Резко очерченные брови старухи сошлись над переносьем. Она вздохнула:
- Ох, телята эти! Что с ними делать - просто не придумаю!
Настя испугалась:
- Опять какой-нибудь заболел?
- Заболел.
- Бабушка, ну ты же позови скорей Марусю Чалкину, пусть она вылечит, она же зоотехник!
- Была уж она. Лечила. Целое утро возилась…
- Ну, ты, бабушка, скажи же ей, чтоб она вылечила! Раз она зоотехник, пусть лечит! А что это - зоотехник в колхозе живет, а телята болеют да…
Настя чуть не сказала "дохнут", но во-время прикусила язык. Неделю тому назад в телятнике случилась такая беда - погиб теленок. Заболел и погиб, уже третий за зиму. Для бабушки Марфы Тихоновны, старой телятницы, это был очень тяжелый день. Она не плакала - Марфа Тихоновна никогда не плакала, - но ходила дня три как туча: мрачная, грозная, и все в доме боялись ей перечить. Наконец Прохор, ее старший сын, а Настин отец, сказал:
"Ну что ты, мать! В удавку, что ли, теперь из-за теленка лезть? А где этого не бывало? Везде. Где есть хозяйство, там и отход должен быть".

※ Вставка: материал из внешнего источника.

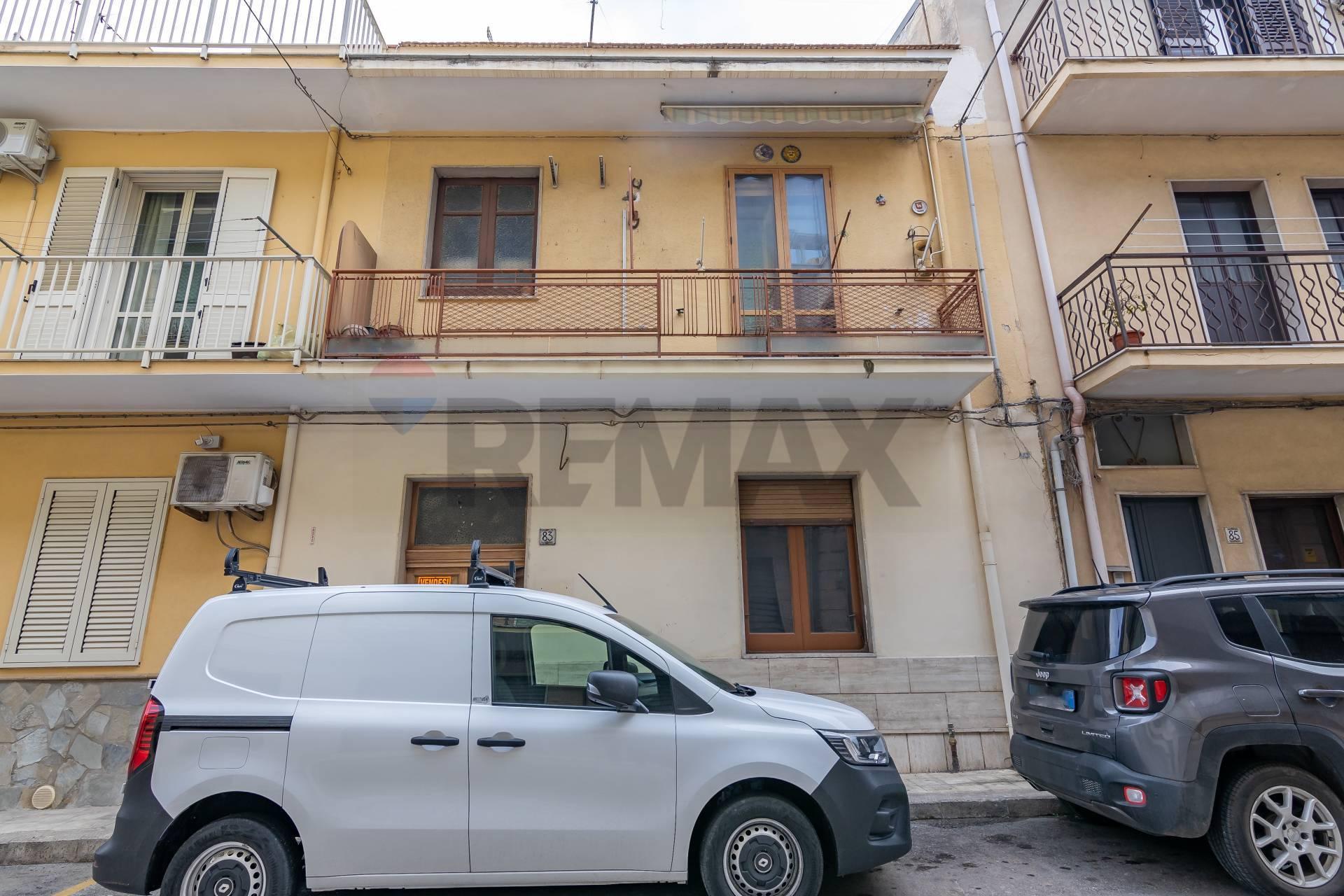 Casa indipendente in Via Palestro 83, Priolo Gargallo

"Да ведь позор! - ответила Марфа Тихоновна. - Позор! На всю округу! Стыдно на людей глядеть!"
"Ну вот, ну вот, - мягко возразил Прохор, - уже и позор… А в Березках вчера не случилось то же самое? Да уж не впервой. И в совхозе, слышно, то же… Паратиф - и всё. Ну что ж тут поделаешь? Да и что такое? Шесть процентов - законный отход. А у тебя что? Пустяк: полпроцента! Чего же так уж сокрушаться? Неудач не бывает только у тех, кто не делает ничего".
Марфа Тихоновна горевала, но не опускала рук. Она с еще большим рвением принялась за свою работу. Приказала начисто продезинфицировать стойло погибшего теленка. Сама каждый день проверяла, чиста ли посуда, из которой поят телят. Сама смотрела, чистую ли солому им стелят. Велела сторожихе Наталье Дроздовой получше топить, чтобы телята не простудились… Но вот прошла неделя - и снова! Маленькая чёрная телочка отказалась от пойла и не смогла встать…

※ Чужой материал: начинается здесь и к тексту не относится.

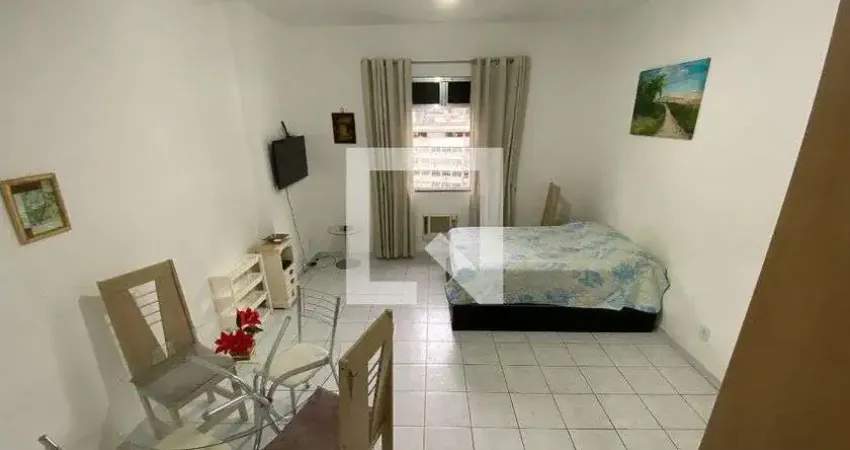 Kitnet / Stúdio para Aluguel - Copacabana, 1 Quarto,  30 m² - Rio de Janeiro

- И что делать? И что делать с ними, не знаю! - повторила Марфа Тихоновна. - Если заберется в телятник паратиф, ничем не остановишь.
- Бабушка, - помолчав, ласково сказала Настя, - а давай я тебе "Пионерскую правду" почитаю.

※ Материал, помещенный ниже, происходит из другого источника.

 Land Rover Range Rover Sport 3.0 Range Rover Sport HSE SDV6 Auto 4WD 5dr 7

Марфа Тихоновна вскинула на нее острый взгляд, гневная искорка вспыхнула в нем. Но темные глаза Насти глядели так мягко и нежно и все ее розовое лицо было так свежо, ясно и ласково, что искорка эта тотчас погасла.
- Да ты не думай, тут очень интересно, бабушка! Это про Аму-Дарью.
- Аму-Дарья? Это кто же такая?
- Это, бабушка, река. Огромная река, в Туркменистане, вода в ней мутная, желтая, а потому, что там всё пески, пустыня. Кругом пески и пустыня, только около реки деревья растут, поля зеленые, люди живут. А раньше, бабушка, эта река через всю пустыню текла. Там города большие стояли, сады были. А потом река повернула и ушла в другую сторону…
- Как повернула? - усомнилась бабушка. - Почему? Разве реки могут сами поворачивать, куда захотят? Это и наша Петра, значит, может так: течет-течет мимо наших деревень, а потом возьмет да и повернет в другую сторону?
- Да, да, бабушка, Аму-Дарья повернула, говорю тебе! Даже старое ее русло нашли - Узбой называется. И там пустыня наступила, все города, все сады песком засыпало и лес! А теперь - бабушка, ты слышишь? - мы будем опять Аму-Дарью на старое русло направлять. Уже и работы начали!